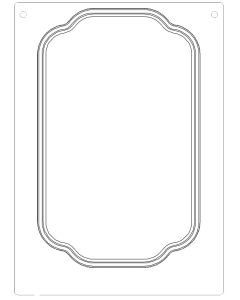 Duniform® suljentakasetti 1100ml take away rasialle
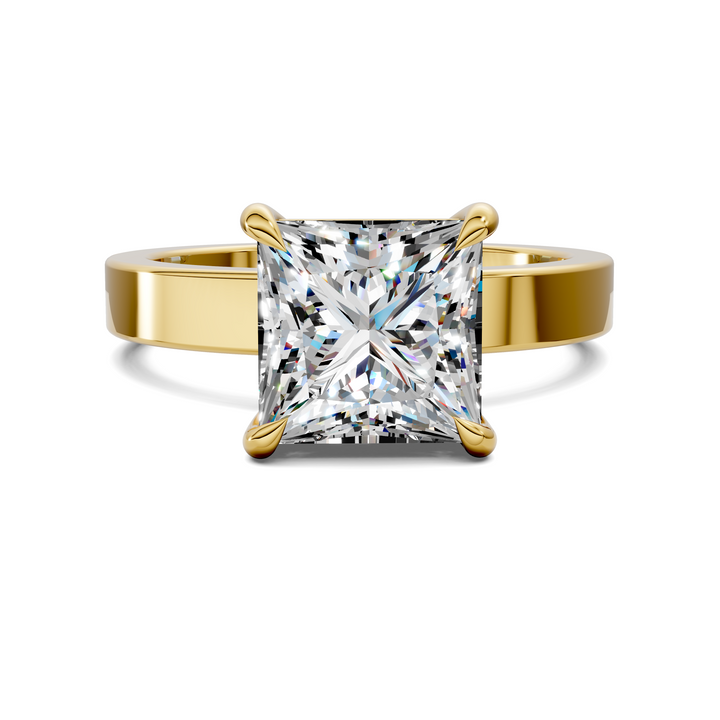 Savanna Bold Solitaire Ring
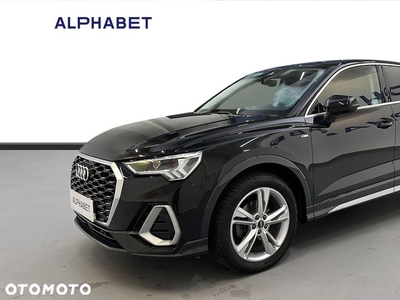 Audi Q3 35 TFSI mHEV S Line S tronic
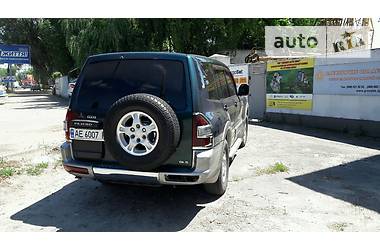 Внедорожник / Кроссовер Mitsubishi Pajero Wagon 2000 в Днепре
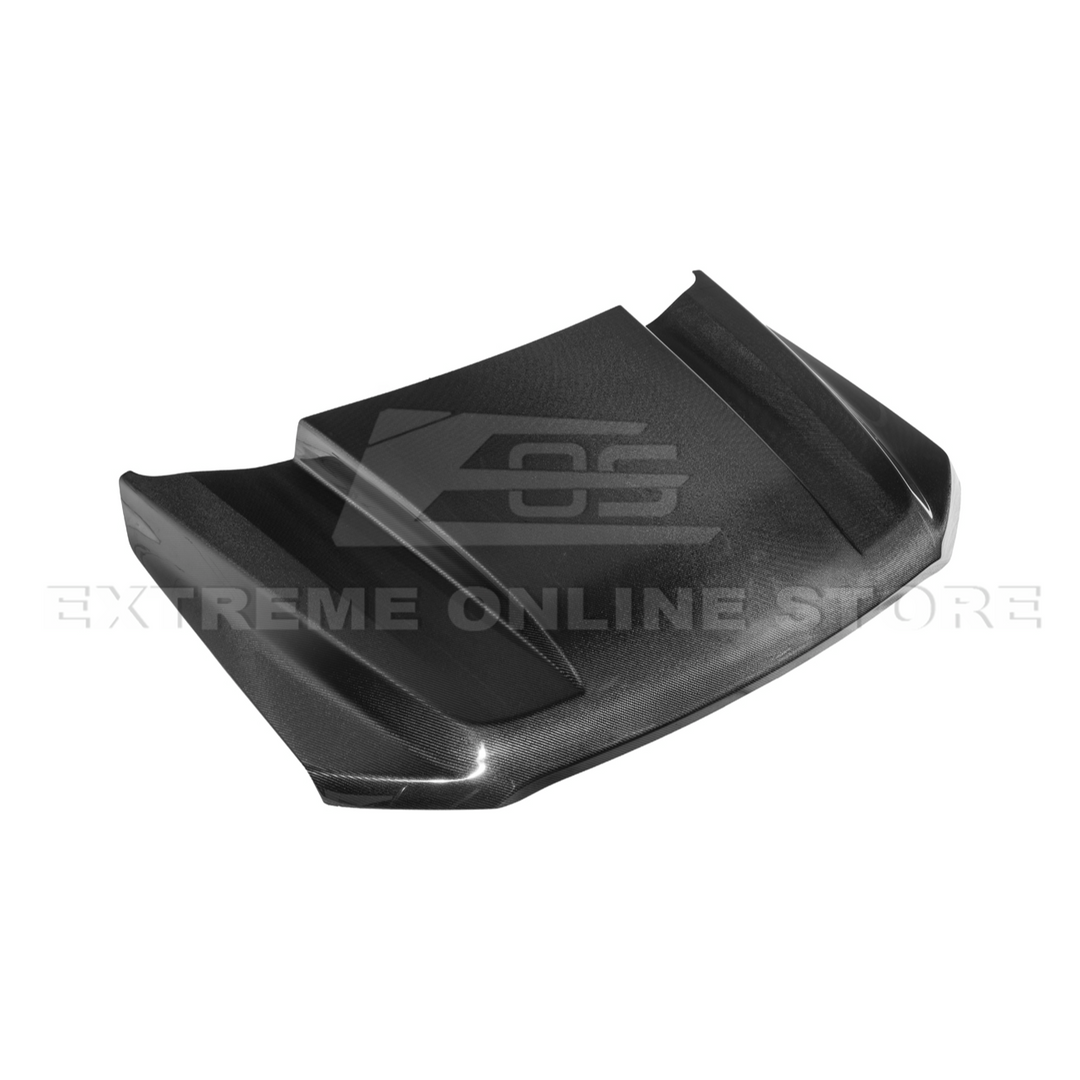 2021-Up Ford F-150 | EOS Performance Front Bumper Cowl Hood Cover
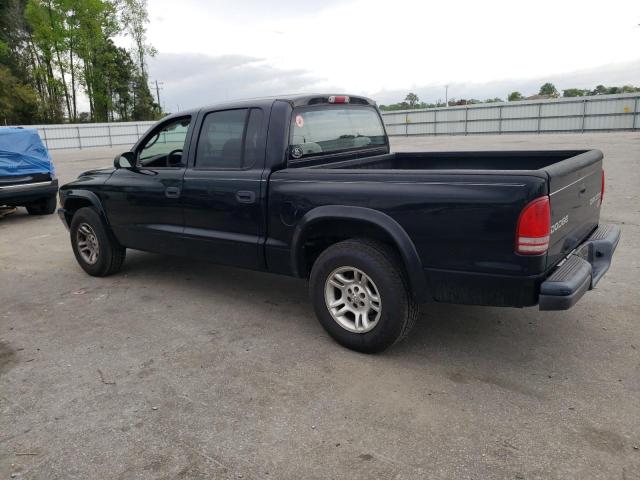 Photo 2 from auction – 2003 DODGE DAKOTA QUA with VIN 1D7HL38XX3S228440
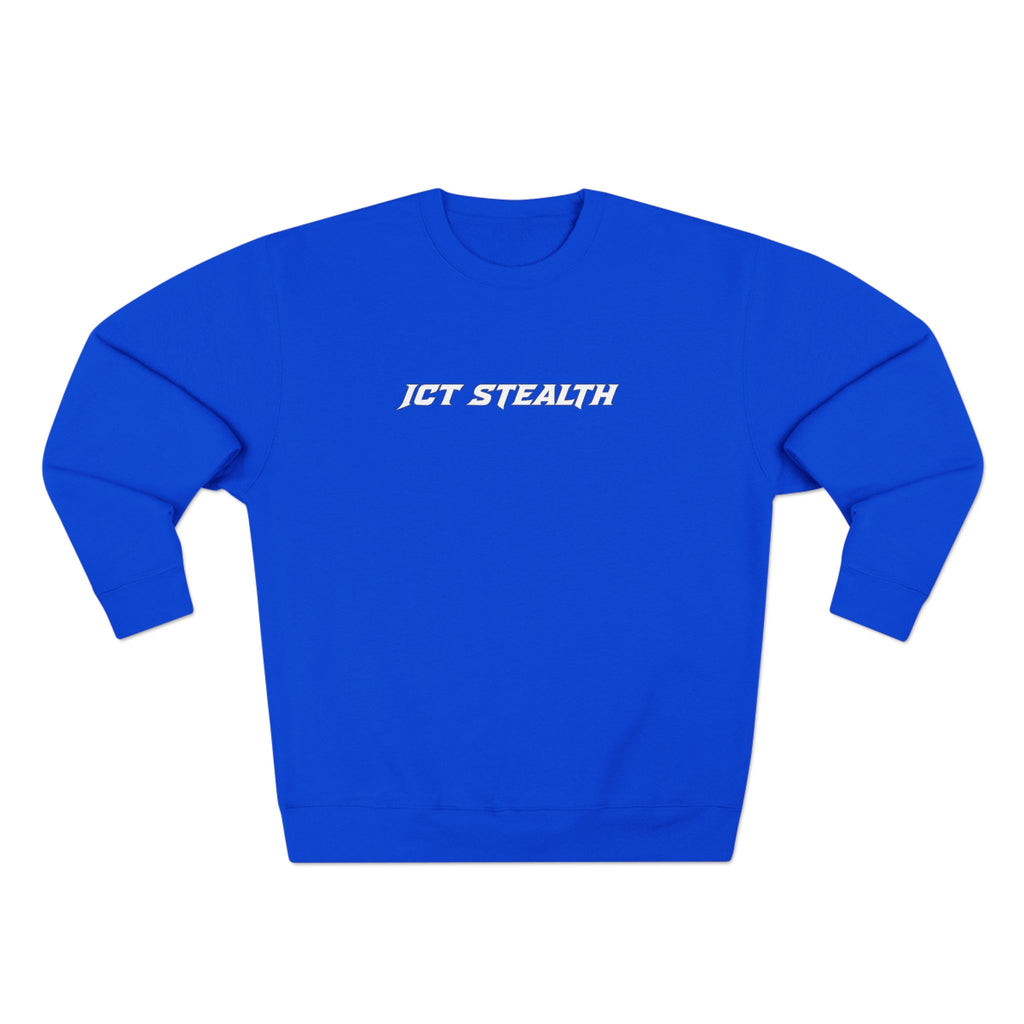 ICT Stealth Crewneck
* * *
» WORK REQUIRED: Repeat each record exactly as shown above, dropping all images.

» RESULT OF THE TASK:
 Duniform® suljentakasetti 1100ml take away rasialle
 Savanna Bold Solitaire Ring
 Audi Q3 35 TFSI mHEV S Line S tronic
 Внедорожник / Кроссовер Mitsubishi Pajero Wagon 2000 в Днепре
 2021-Up Ford F-150 | EOS Performance Front Bumper Cowl Hood Cover
 Photo 2 from auction – 2003 DODGE DAKOTA QUA with VIN 1D7HL38XX3S228440
 ICT Stealth Crewneck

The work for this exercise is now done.